For both healthy subjects and back-pain patients, significant main effects for direction of contraction on EMG activity were found for all the trunk muscles (all F-values ≥ 16.275, all P-values ≤ 0.000). For rectus abdominis, external oblique, internal oblique, and multifidus, the one single contraction direction that produced maximum EMG signals was significantly different from the other five directions (all F-values ≥ 6.467, all P-values ≤ 0.025). Rectus abdominis demonstrated maximal activity in trunk flexion, external oblique in lateral flexion, internal oblique in axial rotation, and multifidus in extension. For latissimus dorsi and iliocostalis lumborum, the two directions with highest EMG activity were significantly different from the remaining four directions (all F-values ≥ 22.640, all P-values ≤ 0.000). Latissimus dorsi demonstrated maximal activity during contractions in lateral flexion (2/3 of the subjects) and axial rotation (1/3 of the subjects), iliocostalis lumborum during contractions in extension (2/3 of the subjects), and lateral flexion (1/3 of the subjects).

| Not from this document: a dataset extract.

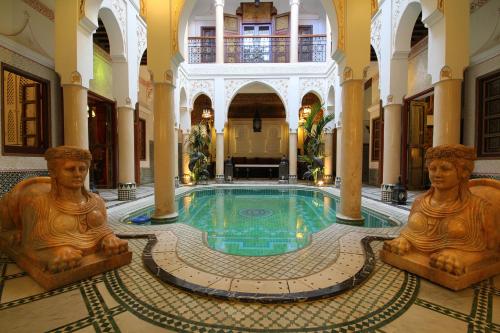 een zwembad in een gebouw met beelden eromheen bij Riad Esmeralda in Marrakesh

Excellent reliability (ICC ≥ 0.90) was found in seven muscles: left rectus abdominis (ICC = 0.96), left external oblique (ICC = 0.94), right latissimus dorsi (ICC = 0.93), left latissimus dorsi (ICC = 0.92), right iliocostalis lumborum (ICC = 0.90), as well as right and left multifidus (ICC = 0.93). Good reliability (ICC = 0.75–0.89) was demonstrated in the remaining five muscles: right rectus abdominis (ICC = 0.89), right external oblique (ICC = 0.87), right internal oblique (ICC = 0.77), left internal oblique (ICC = 0.75), and left iliocostalis lumborum (ICC = 0.89).
The present study is a detailed report to describe the trunk muscle activity during maximal contractions in three cardinal planes for subjects with and without back pain. In both healthy subjects and back-pain patients, maximum activation was found in contraction in a single direction in rectus abdominis, external oblique, internal oblique, and multifidus (rectus abdominis, flexion; external oblique, lateral flexion; internal oblique, axial rotation; and multifidus extension). For latissimus dorsi and iliocostalis lumborum, maximum activity was found in two directions (latissimus dorsi, lateral flexion and axial rotation; and iliocostalis lumborum, extension and lateral flexion).

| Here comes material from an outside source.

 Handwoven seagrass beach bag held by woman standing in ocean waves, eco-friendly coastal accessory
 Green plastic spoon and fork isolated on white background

Functional anatomists consider rectus abdominis as a trunk flexor, so it was expected that maximum contraction in flexion would produce maximum activation. On the other hand, abdominal oblique muscles are usually attributed to be involved in flexion, lateral flexion, and axial rotation because of their large attachment area. It has been demonstrated that there are differences in activation between external and internal oblique in trunk exertions (13,15,26). The present study also supported this observation because the direction of contraction that recruited the muscle most was not the same for external oblique and internal oblique.
For the internal oblique, maximum activity was found during axial rotation contraction. Thelen et al. (26) found maximal internal oblique activity during axial rotation contraction in two thirds of their subjects. For the external oblique, maximal activation was found in lateral flexion contraction in the present study. Previous studies have reported varied findings. Zetterberg et al. (30) demonstrated that external oblique activity was higher in lateral flexion than in a flexion contraction. On the contrary, Thelen et al. (26) found that flexion was the direction for maximal external oblique activity in seven of the nine subjects tested. This may be attributed to the differences in electrode placement between the studies. Schultz et al. (20) as well as Ashton-Miller and Schultz (1) found that the medial part of external oblique was maximally activated during a flexion contraction. Although for the lateral part of external oblique, highest activity was found during attempted lateral flexion. Through biomechanical analysis, Dumas et al. (3) demonstrated that anterior portion of external oblique produce larger moment in flexion, whereas greater moment in lateral flexion was found in the posterior portion of external oblique.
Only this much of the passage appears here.